*** Task data ***

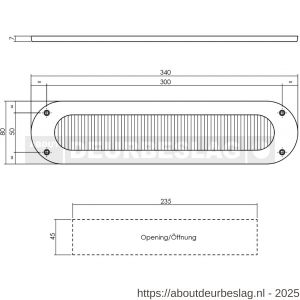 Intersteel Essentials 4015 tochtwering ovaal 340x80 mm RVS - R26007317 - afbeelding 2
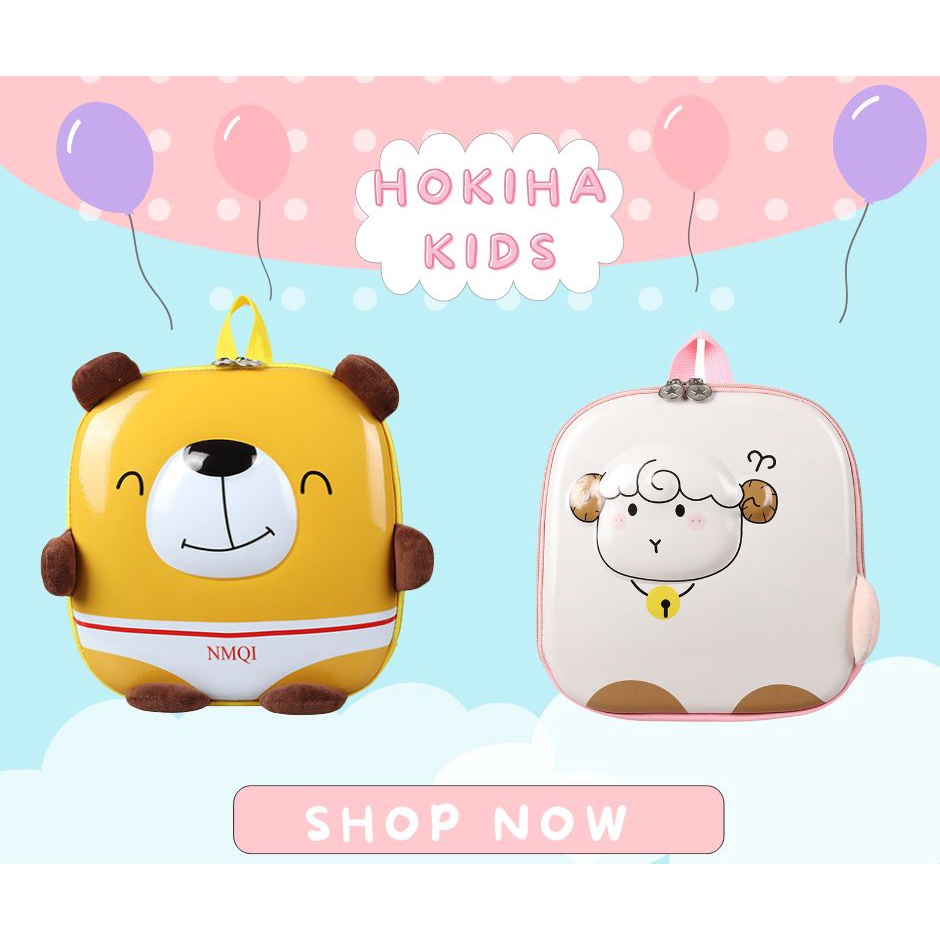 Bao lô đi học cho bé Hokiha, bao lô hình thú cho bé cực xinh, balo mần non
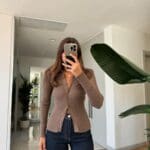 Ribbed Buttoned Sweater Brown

*** End of Task data ***
*** Task data ***

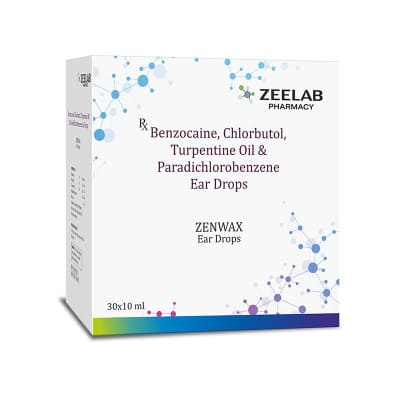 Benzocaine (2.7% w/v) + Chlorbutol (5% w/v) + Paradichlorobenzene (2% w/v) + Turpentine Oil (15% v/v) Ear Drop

*** End of Task data ***

Aim of the exercise:
Look back at the data above, then output exactly the lines from the line holding "Intersteel Essentials 4015" up to and including the line holding "Ribbed Buttoned Sweater Brown". Leave out the pictures.

Solution to the problem:
 Intersteel Essentials 4015 tochtwering ovaal 340x80 mm RVS - R26007317 - afbeelding 2
 Bao lô đi học cho bé Hokiha, bao lô hình thú cho bé cực xinh, balo mần non
 Ribbed Buttoned Sweater Brown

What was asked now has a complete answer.